From dazzling delectable delights to mesmerizing jewels of the Nile, Hemmerle knows no bounds when it comes to inspiration for its special jewelry collections. For its latest unique series, Hemmerle explores the diverse characteristics of aluminum in The [AL] Project.
Like modern day alchemists, Hemmerle’s highly skilled craftsmen have transformed this versatile everyday metal into 15 one-of-a-kind pairs of earrings and a brooch inspired by eclectic themes including nature, minimalism and geometry. Earth’s most precious materials – glistening gemstones such as diamonds, sapphires, aquamarines and garnets – are seamlessly set in this more common metal, which was once considered the most valuable and sought after material in the world.
“Aluminium’s natural strength and lightness in weight provided the perfect opportunity for us to experiment further with the metal and celebrate its past splendour,” explains Christian Hemmerle. “Its malleability enabled us to focus on innovation and create intricate works which are delicate in design yet highly durable, whilst remaining true to our dedication to craftsmanship.”
No stranger to experimenting with unconventional metals in its jewelry, Hemmerle boldly continues this tradition of creative exploration with aluminum. Pairing different colored metals with gemstones has become a signature of the firm’s design repertoire, a practice that often necessitates metal hue manipulation to achieve the perfect complimentary color. With The [AL] Project, Hemmerle’s jewelers have mastered a process of anodizing the aluminum, offering the German jewelry house a spectrum of color with which to brilliantly compliment the natural colors of the gemstones set within the featherweight designs.
Purple sapphires and diamonds dance at the center of a clematis flower brooch, its aluminum petals airily layered with purple nuance. Also inspired by the natural world, a pair of earrings take the form of ranunculus flowers with richly textured red petals that unfold to reveal a spiky center of diamonds.
“Informed by the aesthetic we have defined over several decades, the resulting creations are distinctly Hemmerle but imbued with an element of surprise,” says Christian Hemmerle.
In addition to the new series, Hemmerle will also be debuting a new exhibition stand at TEFAF this year. Designed in collaboration with the Dutch architect Tom Postma, the ambitious design combines urbane modernity with sophisticated engineering. Over 3,000 American walnut-wood rods, each individually crafted and connected to over 16,500 uniquely engineered aluminum rods, form 16 individual, multilayered screens that appear to float in the air. The conceptualized design took over a year to finalize.
“It was a process of constant trial and error,” explains Postma. “Everything about this design is new, and we had to learn along the way how it was going to materialise as we had envisioned. It required a level of dedication and patience echoed in Hemmerle’s design ethos and craftsmanship, always aimed at the highest level of creative output and quality.”
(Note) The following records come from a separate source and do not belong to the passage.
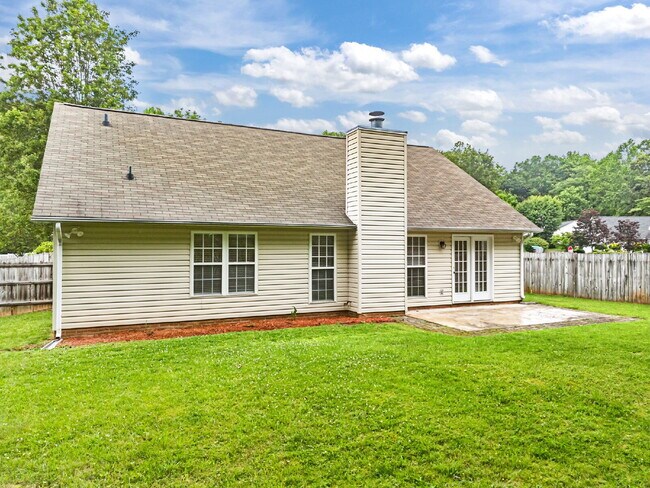 Building Photo - Convenient 3-Bedroom Rental with Fenced Ya...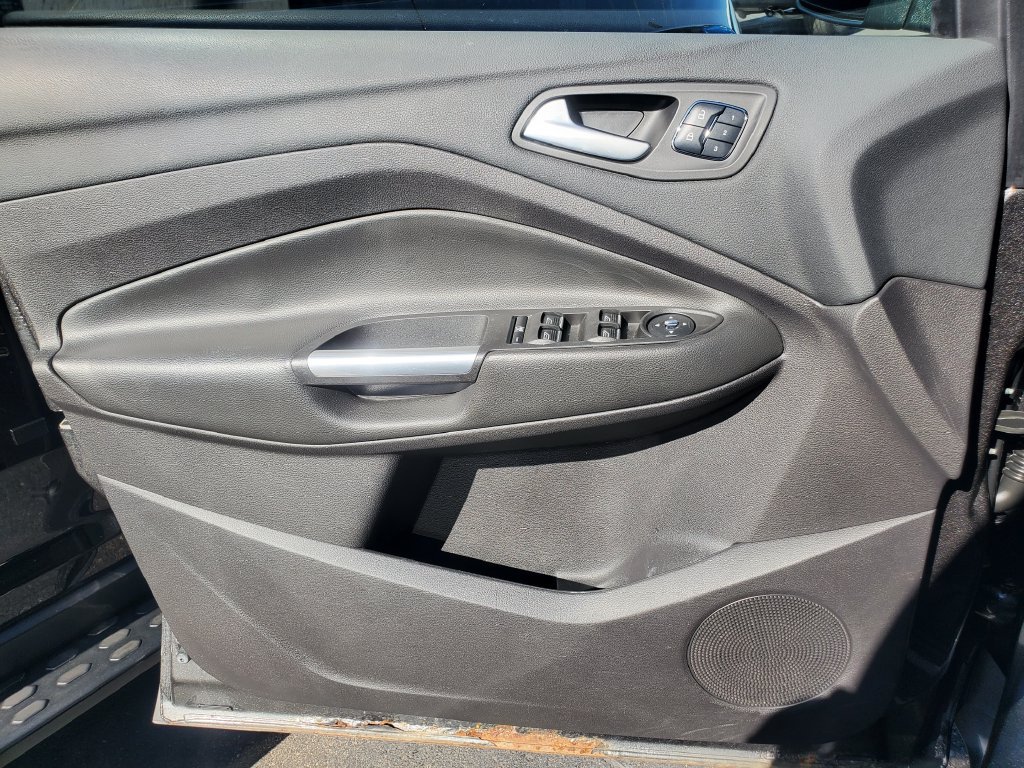 Used 2016 Ford Escape Titanium w/ Equipment Group 301A AWD/4WD image 20
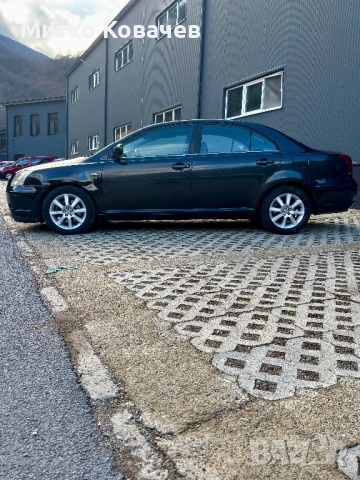 Toyota Avensis T25 2003, снимка 3 - Автомобили и джипове - 53519123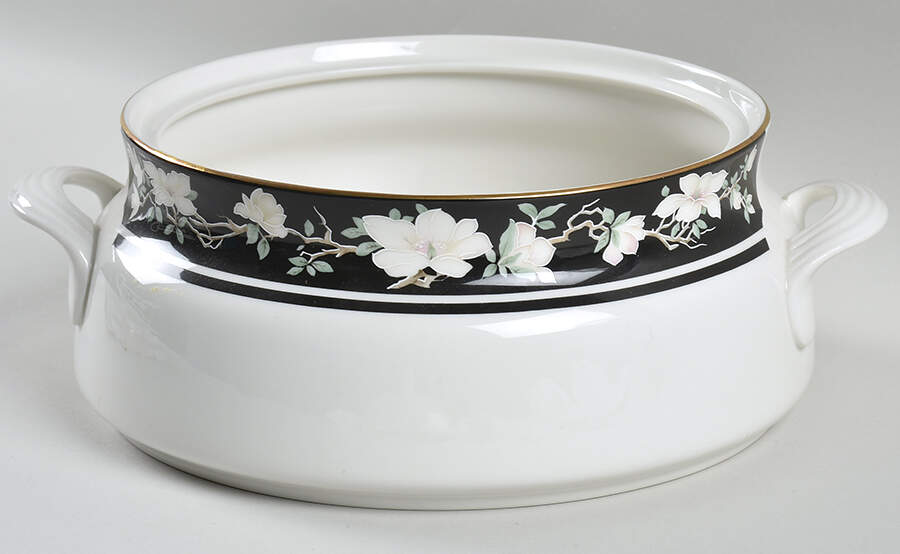 Intrigue Round Vegetable No Lid by Royal Doulton-1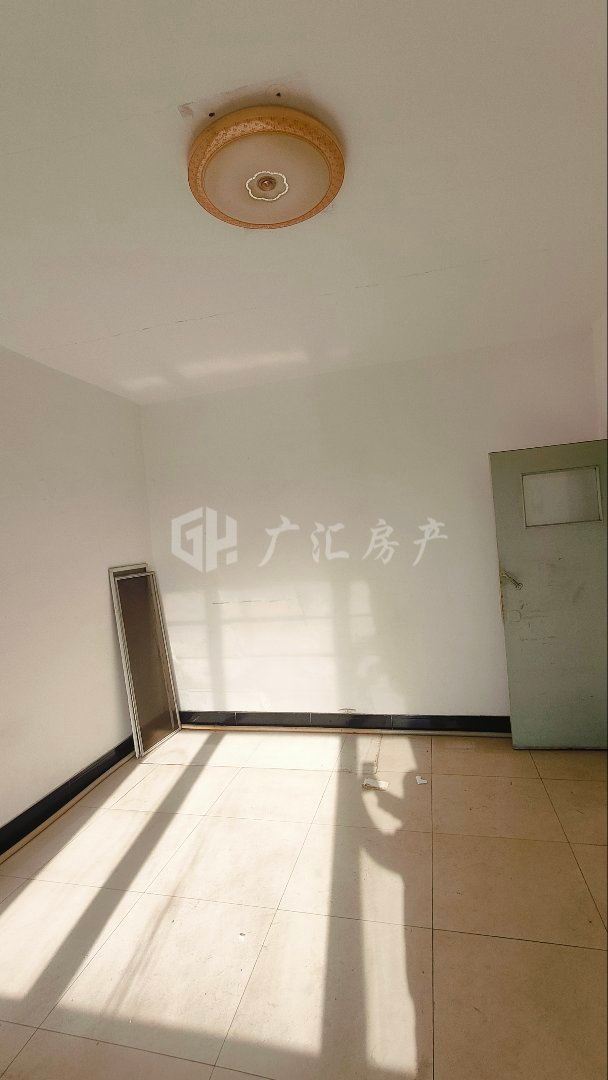 急卖银达附近铁选3楼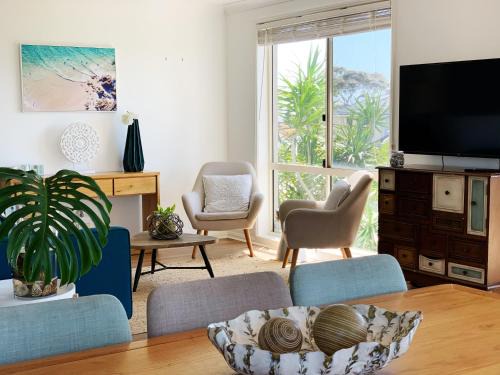 Shell Cove Haus | Cheerful/family friendly home with water views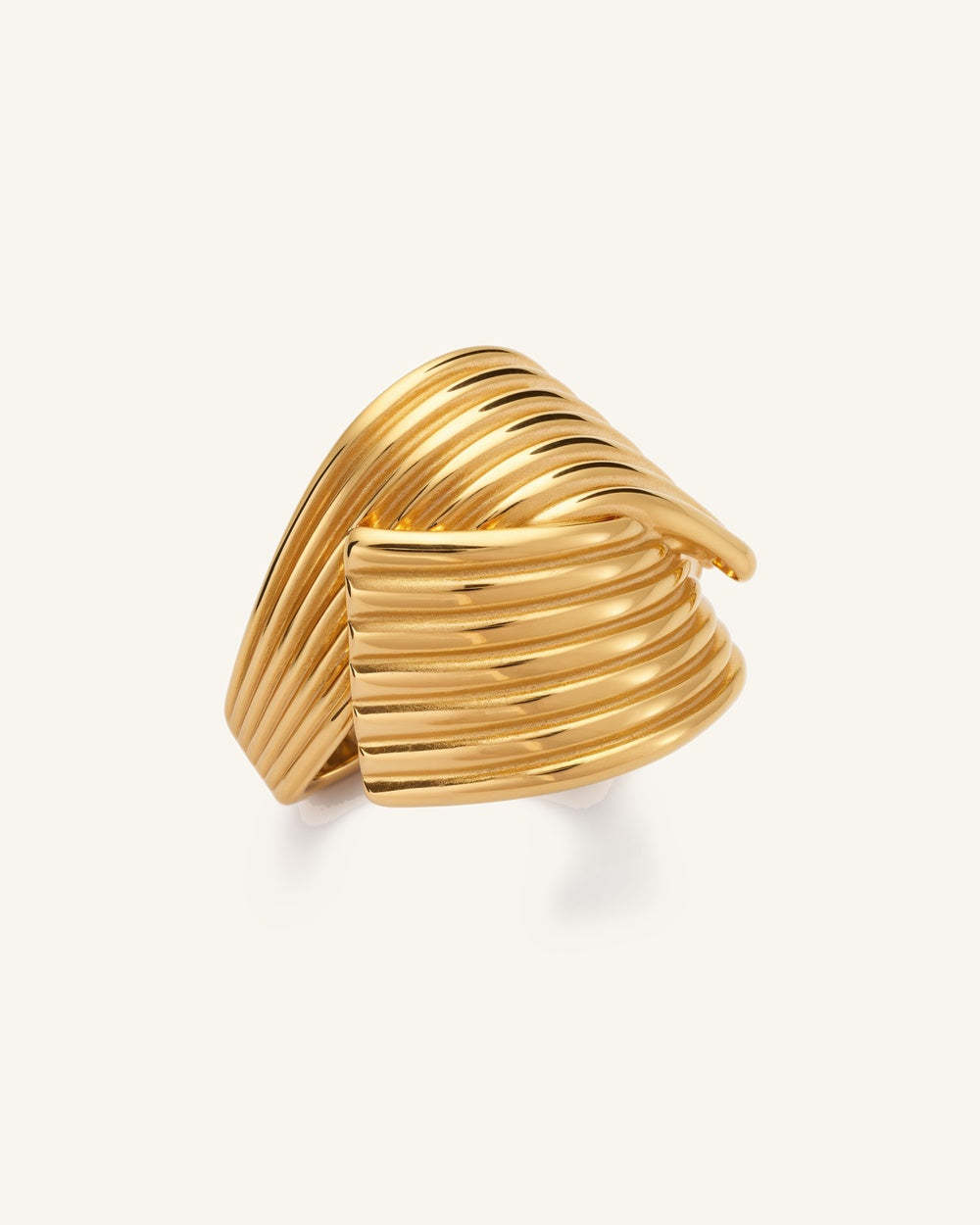 Hedda Huggie Ring — Vattentålig ring i guld chunky design | Alora Avenue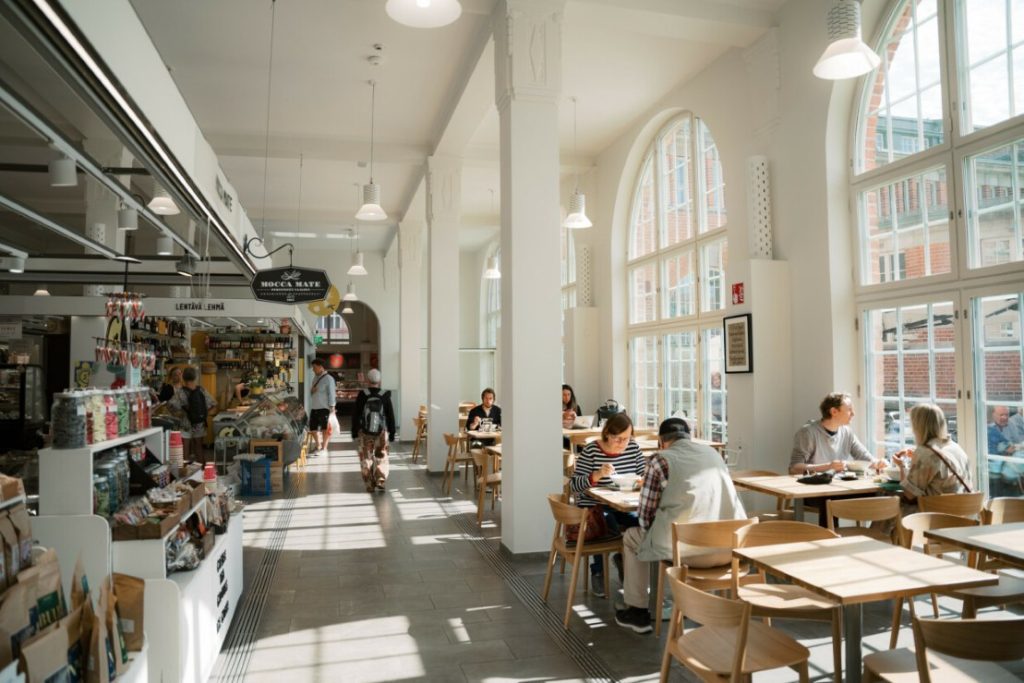Best-Food-Markets-and-Food-Halls-in-Helsinki-Hakaniemi-Market-Hall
The highly intricate design of the stand is reflective of the attention to detail Hemmerle devotes to every piece of jewelry produced in its workshop, in both aesthetic and quality of craftsmanship. Innovation remains at the core of the firm, anchored by its distinct design philosophy, and the new stand keenly encapsulates these principles. Christian Hemmerle explains:
“We wanted to create a space with a lighter appearance, transparent yet with an inviting and warm atmosphere. Tom Postma and his team have exceeded all our expectations and the result is intriguing not only in terms of design, but also in the outstanding craftsmanship involved. With the use of wood and aluminium, the design fits the Hemmerle aesthetic perfectly.”
The [AL] Project will be previewed at TEFAF Maastricht, 11 – 20 March 2016. A limited edition book will be published to celebrate the pieces.
Hemmerle is also participating in Beauty – Cooper Hewitt Design Triennial at the Cooper Hewitt, Smithsonian Design Museum in New York between 12 February – 21 August, 2016.